The second parameter of isinstance() also accepts a tuple of types, so it’s possible to check for multiple types at once. isinstance will then return true, if the object is of any of those types:
>>> isinstance([], (tuple, list, set))
True
Use type():
>>> a = []
>>> type(a)
<type 'list'>
>>> f = ()
>>> type(f)
<type 'tuple'>
It might be more Pythonic to use a try...except block. That way, if you have a class which quacks like a list, or quacks like a dict, it will behave properly regardless of what its type really is.

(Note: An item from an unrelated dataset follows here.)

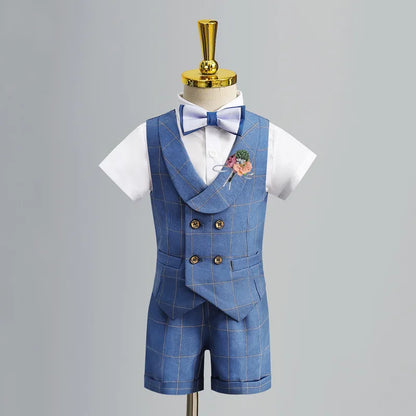 Child Formal Vest Suit Set Boy Summer Autumn Wedding Baby First Birthday Piano Performance Costume Kids Waistcoat Shorts Clothes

To clarify, the preferred method of "telling the difference" between variable types is with something called duck typing: as long as the methods (and return types) that a variable responds to are what your subroutine expects, treat it like what you expect it to be. For example, if you have a class that overloads the bracket operators with getattr and setattr, but uses some funny internal scheme, it would be appropriate for it to behave as a dictionary if that's what it's trying to emulate.
The other problem with the type(A) is type(B) checking is that if A is a subclass of B, it evaluates to false when, programmatically, you would hope it would be true. If an object is a subclass of a list, it should work like a list: checking the type as presented in the other answer will prevent this. (isinstance will work, however).

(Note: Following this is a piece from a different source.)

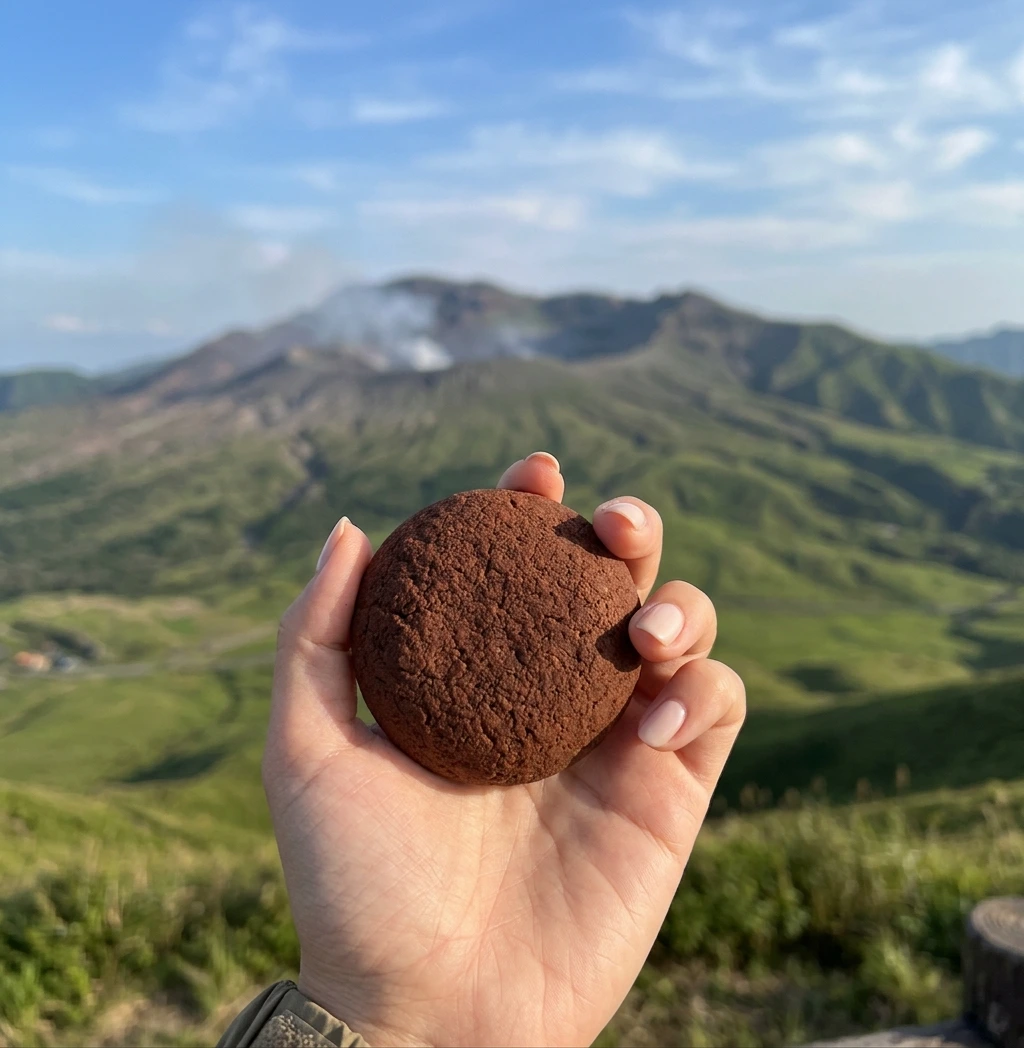 阿蘇の自然を背景に持つ生チョコクッキー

On instances of object you also have the:
__class__
attribute. Here is a sample taken from Python 3.3 console
>>> str = "str"
>>> str.__class__
<class 'str'>
>>> i = 2
>>> i.__class__
<class 'int'>
>>> class Test():
... pass
...
>>> a = Test()
>>> a.__class__
<class '__main__.Test'>
Beware that in python 3.x and in New-Style classes (aviable optionally from Python 2.6) class and type have been merged and this can sometime lead to unexpected results. Mainly for this reason my favorite way of testing types/classes is to the isinstance built in function.

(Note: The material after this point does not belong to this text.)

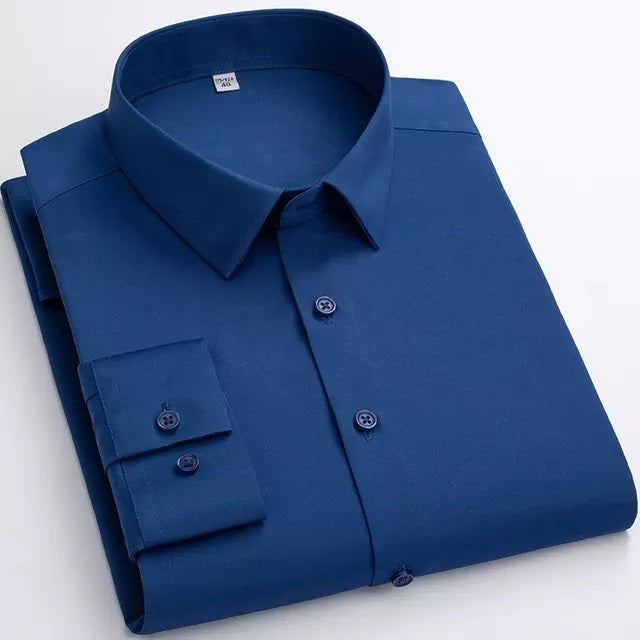 BlackTree Frankshop Classic Pure Cotton Royal Blue Blend Solid Shirts For Man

Determine the type of a Python object
Determine the type of an object with type
>>> obj = object()
>>> type(obj)
<class 'object'>
Although it works, avoid double underscore attributes like __class__ - they're not semantically public, and, while perhaps not in this case, the builtin functions usually have better behavior.
>>> obj.__class__ # avoid this!
<class 'object'>
type checking
Is there a simple way to determine if a variable is a list, dictionary, or something else? I am getting an object back that may be either type and I need to be able to tell the difference.
Well that's a different question, don't use type - use isinstance:
def foo(obj):
"""given a string with items separated by spaces,
or a list or tuple,
do something sensible
"""
if isinstance(obj, str):
obj = str.split()
return _foo_handles_only_lists_or_tuples(obj)
This covers the case where your user might be doing something clever or sensible by subclassing str - according to the principle of Liskov Substitution, you want to be able to use subclass instances without breaking your code - and isinstance supports this.
Use Abstractions
Even better, you might look for a specific Abstract Base Class from collections or numbers:
from collections import Iterable
from numbers import Number
def bar(obj):
"""does something sensible with an iterable of numbers,
or just one number
"""
if isinstance(obj, Number): # make it a 1-tuple
obj = (obj,)
if not isinstance(obj, Iterable):
raise TypeError('obj must be either a number or iterable of numbers')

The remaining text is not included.